Global markets tumbled as investors pulled back from the artificial-intelligence trade that has powered stocks for much of the past year. Asian shares led the slide, with Tokyo falling nearly 5% — and by some accounts more than 5% — as slumping AI-linked stocks dragged world markets lower.

The selloff rippled across the region. China's AI shares tumbled as a Wall Street rout deepened, according to Investing.com, while Bloomberg reported that Japanese stocks dived on worries about how much longer the AI rally can run. Reuters noted how Korean stocks have shifted from a trusted market bellwether into a vehicle for AI enthusiasm.

At the center sat chip giant TSMC. Crypto Briefing reported that the company's record-breaking quarter nonetheless triggered a 7.3% plunge in its stock and set off a broader selloff in Asian chipmakers. Part of the unease traces to caution about the future: Morningstar senior equity analyst Phelix Lee told CNBC that TSMC's reluctance to give long-term revenue growth guidance reflects a wariness at Asia's most valuable company. Separately, Wccftech reported that TSMC's CEO stressed that choosing chipmaking technology "isn't like buying milk from 7-Eleven" and admitted he was jealous of rival Samsung's profits.

The deeper worry is valuation.
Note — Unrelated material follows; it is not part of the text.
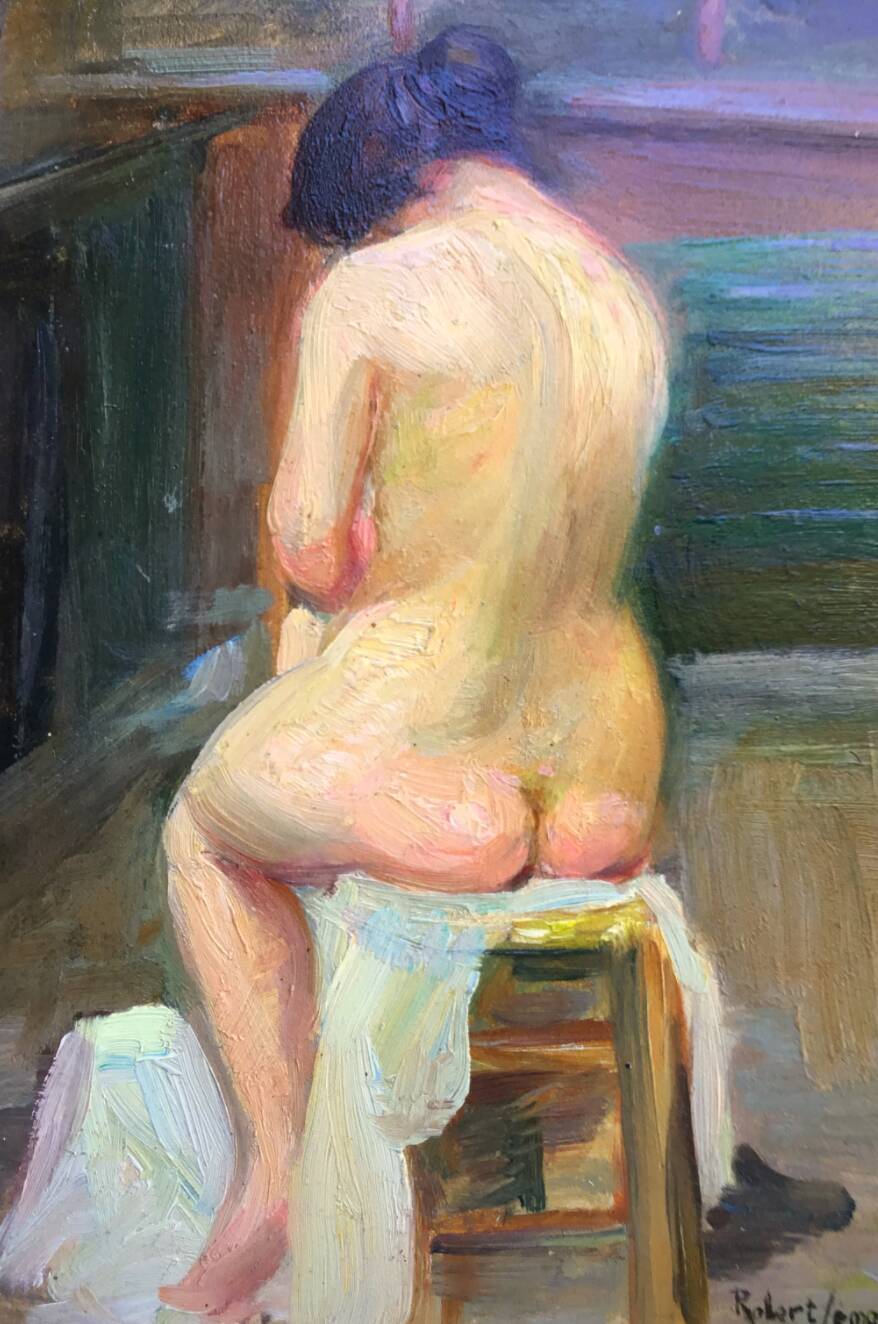 Robert Lemarriez. Nude from behind. Oil on panel, signed and framed.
The Financial Times framed the moment as the AI trade "going into reverse." Analysis cited by MSN said the AI chip rally is losing momentum as investors reassess sky-high valuations and rotate money toward hyperscalers, with those cloud giants' capital-expenditure growth projected to slow sharply after this year.

Why it matters: AI-linked chipmakers have become the engine of global stock gains, so a sudden reassessment of their worth can drag down retirement accounts and markets far beyond the technology sector.